(Problem to solve)
I would like the line with "LionSteel SR-1 Titanium Damascus Weiß Online" and every line after it, down to the end of the entries below, output exactly and without pictures.

(Caption-style text data)
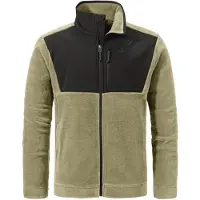 Schöffel Funktionele fleece-jas 'Gregale' kaki / zwart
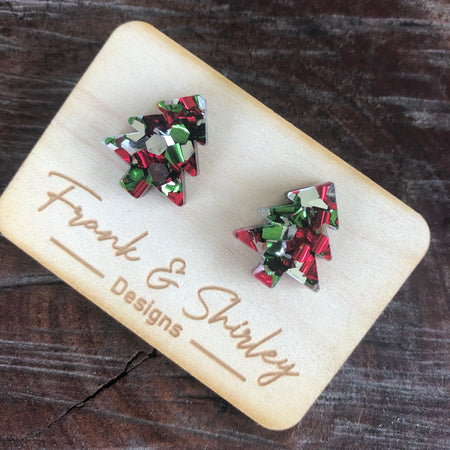 Jingle Bell Studs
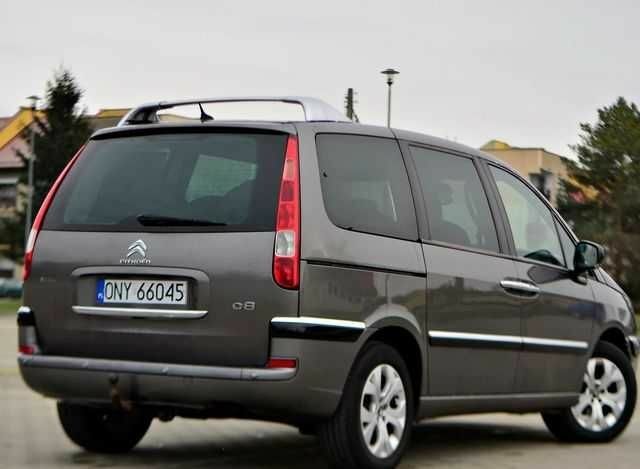 Сірий Сітроен С8, об'ємом двигуна 2 л та пробігом 250 тис. км за 7000 $, фото 7 на Automoto.ua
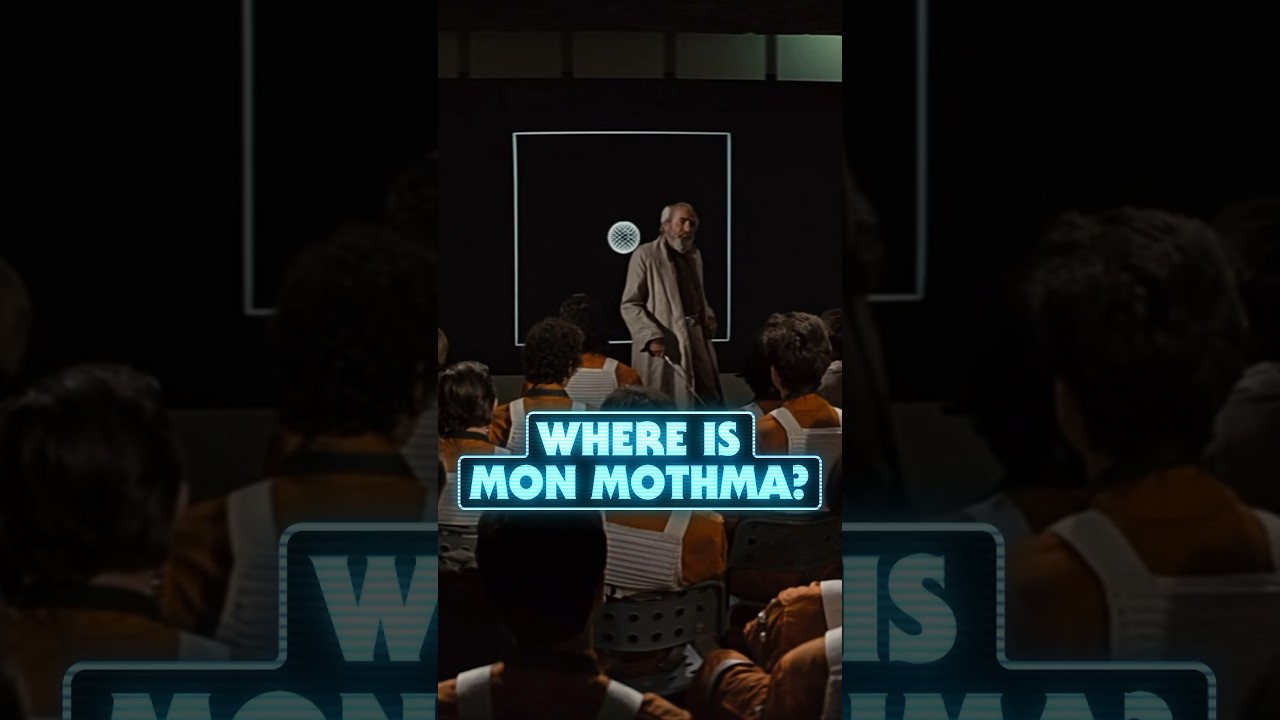 Where was Mon Mothma During the Battle of Yavin? 
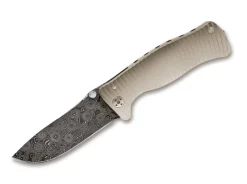 LionSteel SR-1 Titanium Damascus Weiß Online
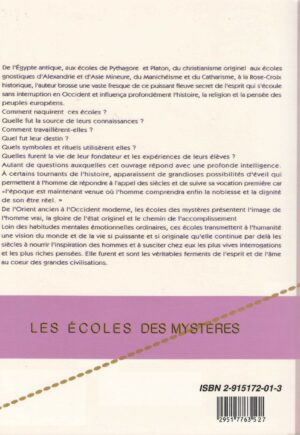 Les écoles des mystères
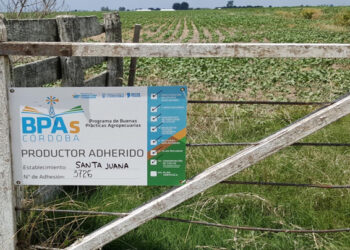 En Córdoba sigue creciendo el programa de BPA: “Al productor hay que protegerlo y estimularlo”, afirma Busso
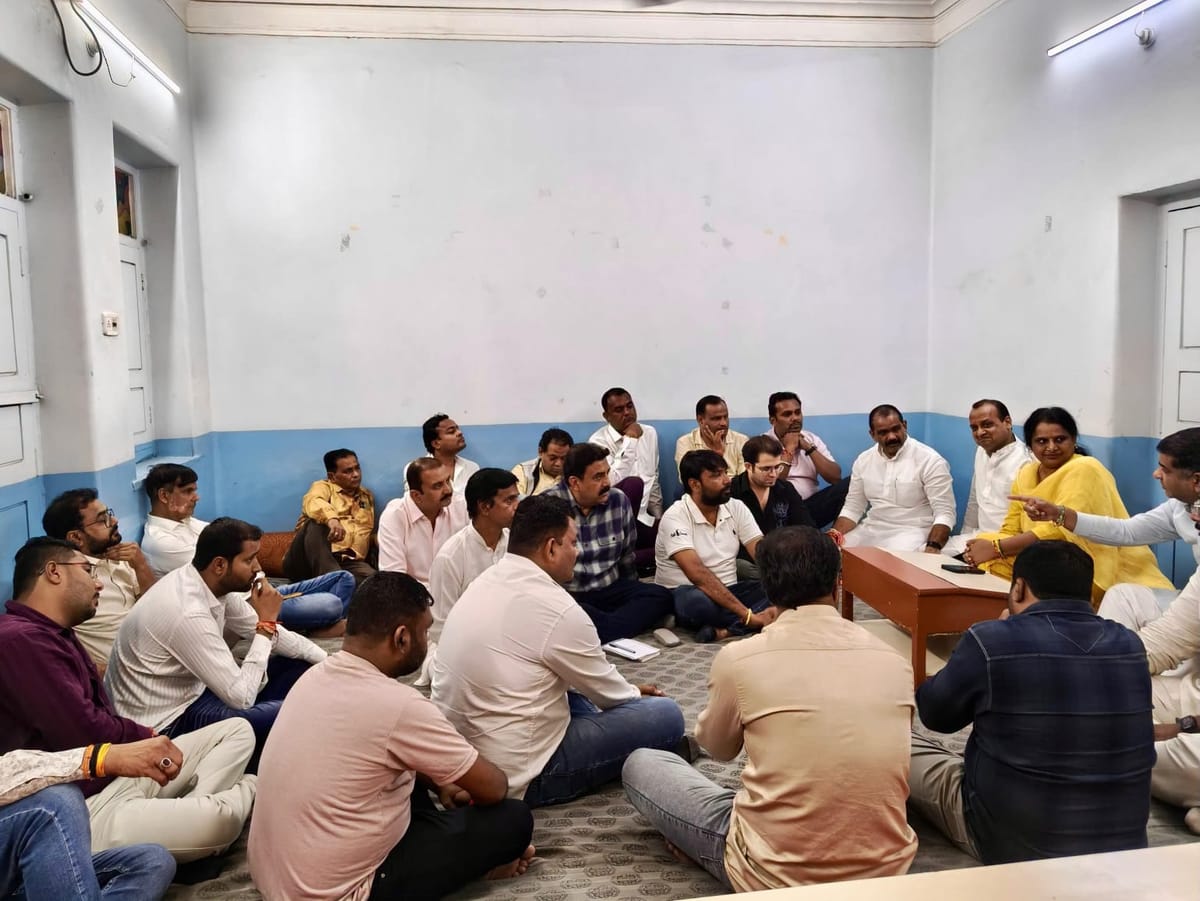 इंदौर :  इंदौर में होने वाले राहुल गांधी के आयोजन के लिए कांग्रेस ने मांगी अफसरों से अनुमति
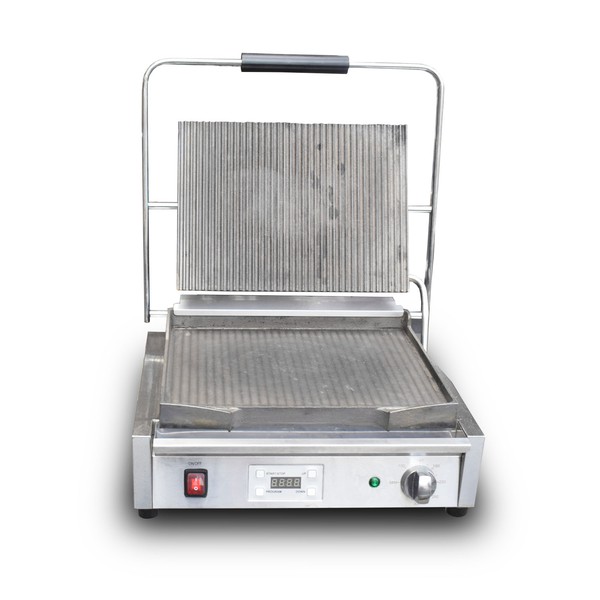 Second Hand Buffalo Twin Contact Grill Second Hand Buffalo Twin Contact Grill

(Exercise response)
 LionSteel SR-1 Titanium Damascus Weiß Online
 Les écoles des mystères
 En Córdoba sigue creciendo el programa de BPA: “Al productor hay que protegerlo y estimularlo”, afirma Busso
 इंदौर :  इंदौर में होने वाले राहुल गांधी के आयोजन के लिए कांग्रेस ने मांगी अफसरों से अनुमति
 Second Hand Buffalo Twin Contact Grill Second Hand Buffalo Twin Contact Grill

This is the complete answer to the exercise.